Employee insight is a little like iron. First, it’s produced in the form of iron ore – a little rough around the edges, unpolished, and only useful to a small number of people. Once it’s sent through the blast furnace – or the business equivalent – and the impurities have been removed, it’s ready to prove useful to hundreds of thousands of different people.

Every one of your employees has knowledge and wisdom worth imparting – that’s what makes any business into the well-oiled machine it needs to be to grow and thrive. But, at the same time, our thoughts are a very rough first draft. We don’t think in perfect articles. We all have a habit of speeding over complex topics that, in our minds, are un-complex – or maybe lingering too long on a familiar point.
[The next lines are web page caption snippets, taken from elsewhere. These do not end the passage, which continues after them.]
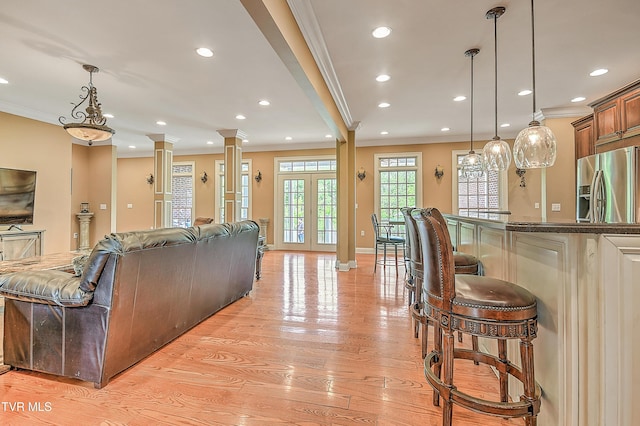 2041 King College Rd, Bristol, TN 37620 - living room with crown molding, light wood-type flooring, recessed lighting, baseboards, and ornate columns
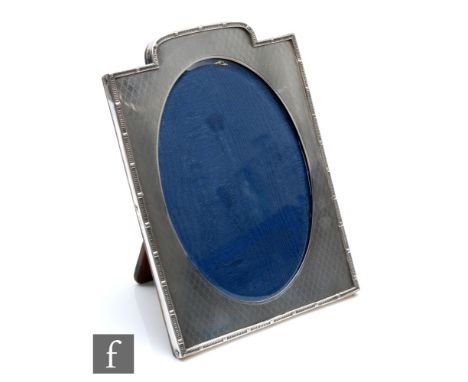 A George V hallmarked silver photograph frame with engine turned decoration and a reeded border, easel back, 24cm x 18cm, Lon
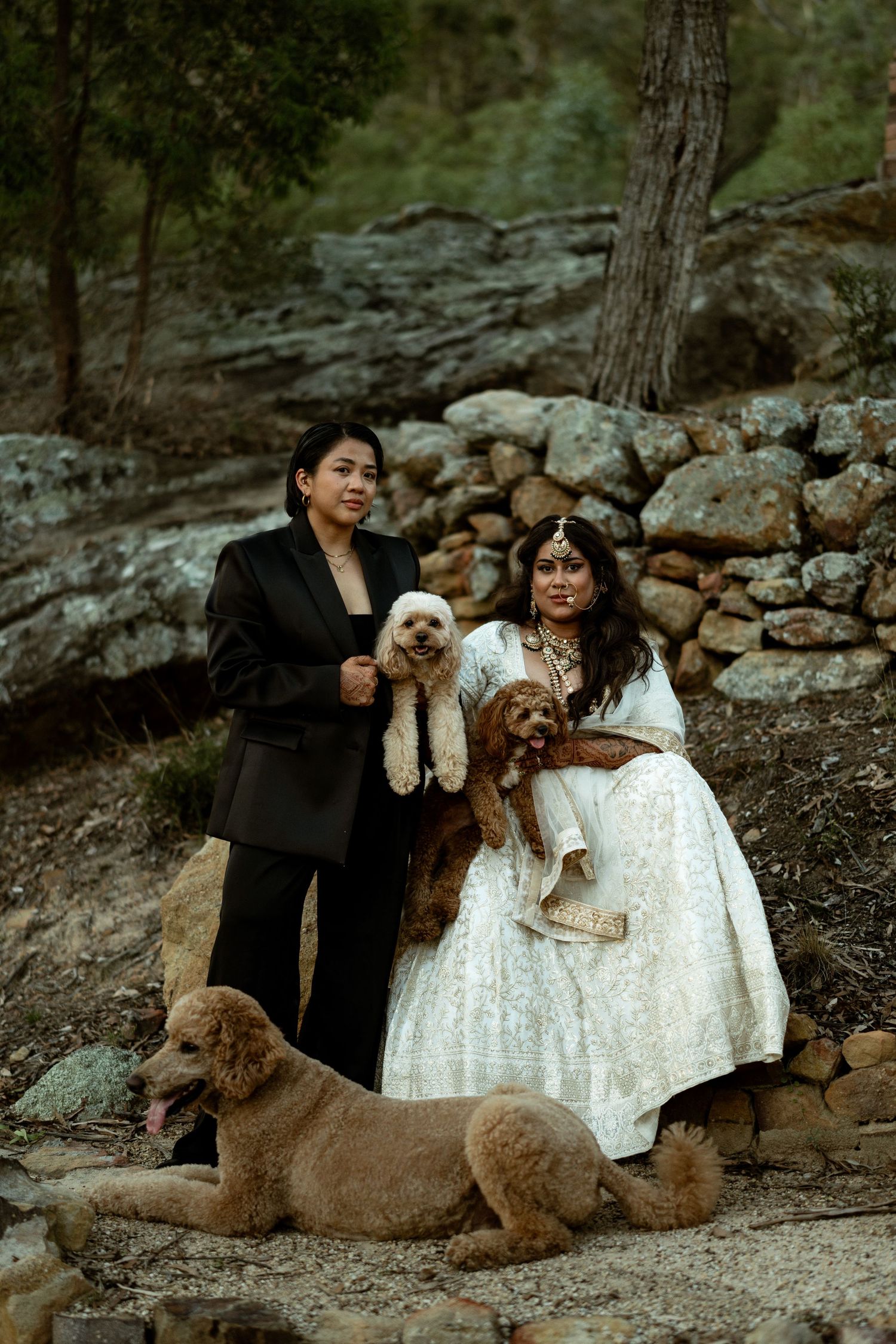 Wedding couple walks together on forest path surrounded by lush greenery.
So, how do you sharpen employee insight into the sharp point it needs to be in order to lead your thought leadership efforts?

  • The soft launch
    You don’t need to make this a company-wide pursuit from the off, and you definitely don’t need to make it a mandatory exercise. Choose a relatively small group of people who you feel will be excited by the opportunity, and underpin the strategy with some really worthwhile, well-written content. Then, gradually, add more people into the fold.
  • Create space
    Invest time, and allow time to be invested. If content creation is consistently billed as a ‘just when there’s time’ task, it’ll be consistently pushed down the priorities list by every other thing that flies in during the week. The general rule is that it takes 3-4 hours to write a strong, well-researched article – not ten minutes here and there when there’s a lull between tasks!
    If efficiency is an issue, then our platform allows you to integrate a long list of third-party software, including Slack, Salesforce, and Teams. Don’t forget, also, that each move you make toward taking control of your social media presence overlaps with another. Read about how social media listening can increase customer advocacy for more.
  • Set your boundaries
    One of the reasons advocacy on social media seems to fall by the wayside in so many companies is because entrusting your business’s online presence to more people inevitably means more risk, but that doesn’t mean the risk can’t be anticipated and minimized.
    By introducing a clear social media policy, implementing an approval process for all content that ensures stakeholders maintain control, and banning potentially inflammatory keywords from content, you can establish clear, uncrossable boundaries that minimize the risks.
  • Create structure
    As important as it is to create time, it’s inevitable that some weeks will yield more content than others. We all know that the key to maximizing your impact on socials is to post regularly, so don’t flood the platforms with a handful of strong articles one week before dropping off for three more. Write content in advance, and cultivate a rich store of it on employee boards.
    Employee advocacy is a key part of any strong social media strategy, so make sure it is part of that strategy, highlighting the importance of consistency. Scheduling social posts in advance will ensure a robust content strategy for employee advocacy platforms, so you’re never left scrambling for content to post.
  • Give your creators access to relevant metrics
    Maintaining interest in employee advocacy can feel a little tricky. How long before creativity starts to ebb, or busy schedules cause employees to shelve content creation indefinitely? This is a common issue companies run into, but it can be circumvented if you make full use of the metrics each post yields. Reach, conversions, impressions, and clicks come together to make success tangible – great for motivating the team, and turning social posting into a truly rewarding exercise.

Make your employees a key part of your social media marketing, and find out quite how much of a difference it makes not just to your performance metrics, but to the office culture, too.